The future plans argument relates to an idea for eliminating the dependence,
found in many Lisp implementations, of the semantics of code being compiled
on the presence or absence of other applications in the system running the
compiler. For example, it is frequently the case that macros defined
globally in the running system are available to code files compiled in that
system. This can (and does) lead to confusing, hidden dependencies. Within
this proposal, a compiler could create a new GLOBAL environment (again with
the full-language environment as its sole parent) and use some new herald
option as a description of what files to load into that environment to
establish the proper "early-evaluation" environment for the compilation of
the file. When the compilation is done, the ersatz GLOBAL environment can be
discarded, taking with it any side-effects that might have occurred in the
process of compilation. Under such a scheme, we would expect that the
various language environments would be "locked" against redefinition of any
of their bindings before the time that any user code is loaded, thus ensuring
that these environments do, indeed, present an unchanging interface.
Q: In what environment should an implementation's read-eval-print loop evaluate
the forms typed to it?
A: Certainly any such facility should provide a mechanism whereby any
environment can be used, but our advice for the choice of an initial or
default environment would be a "scratch" environment (as it is called in T)
whose sole parent is the GLOBAL environment. The use of a separate
environment here is intended to make it easier for a user to avoid
accidentally redefining names in the GLOBAL environment, thus possibly
breaking running applications. Of course, the Scheme report (properly)
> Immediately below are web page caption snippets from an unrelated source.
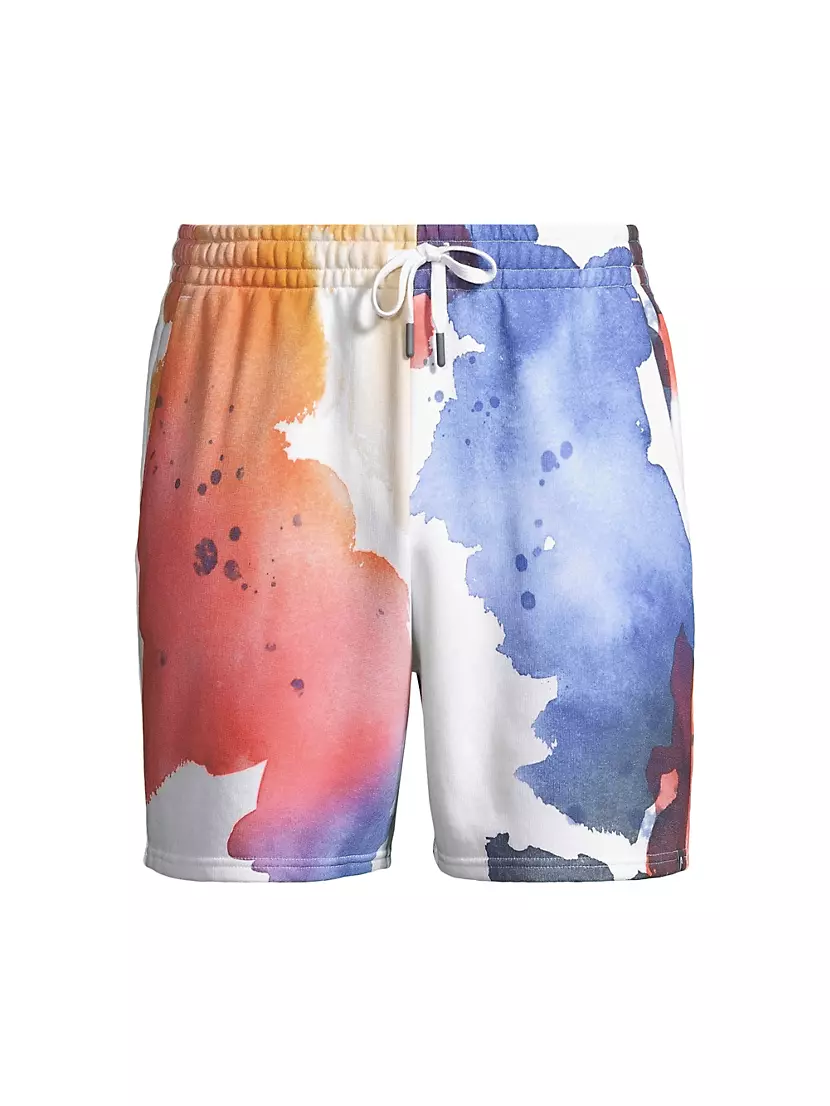 Мужские Спортивные шорты HEAD Motion Watercolor HEAD Sportswear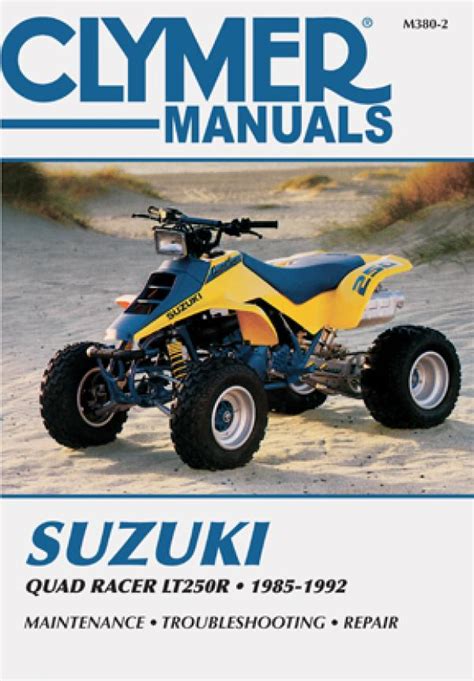 Atv Suzuki Lt250r Quadracer Service Manual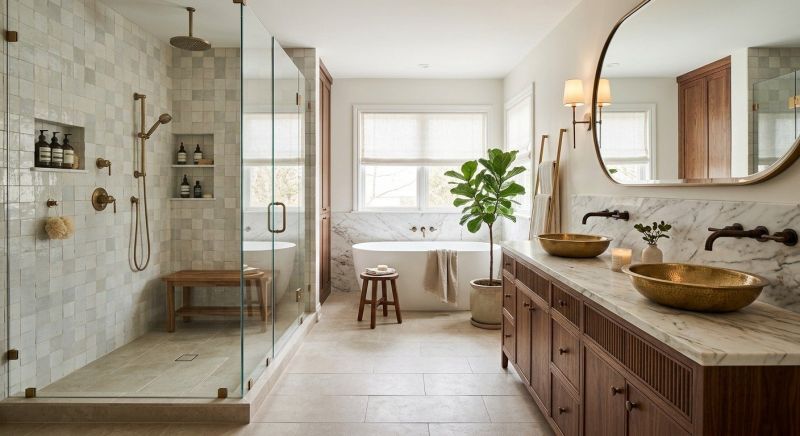 Luxury Bathroom Installation in Putnam County, NY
avoids mention of read-eval-print loops, so no implementation is required to
have one at all.
Q: Why does the EXPORT herald option share actual bindings, rather than simply
sharing values?
A: This enables the use of shared, set!-able variables. Code wishing to take
advantage of this would simply specify an environment containing the binding
as an ancestor of the file environment.
Q: Why isn't there an IMPORT herald option that shares bindings in the other
direction? It would make the use of such shared variables more controllable
since one would not have to share all of the variables in the given
environment.
A: Such an option would not be antithetical to this proposal.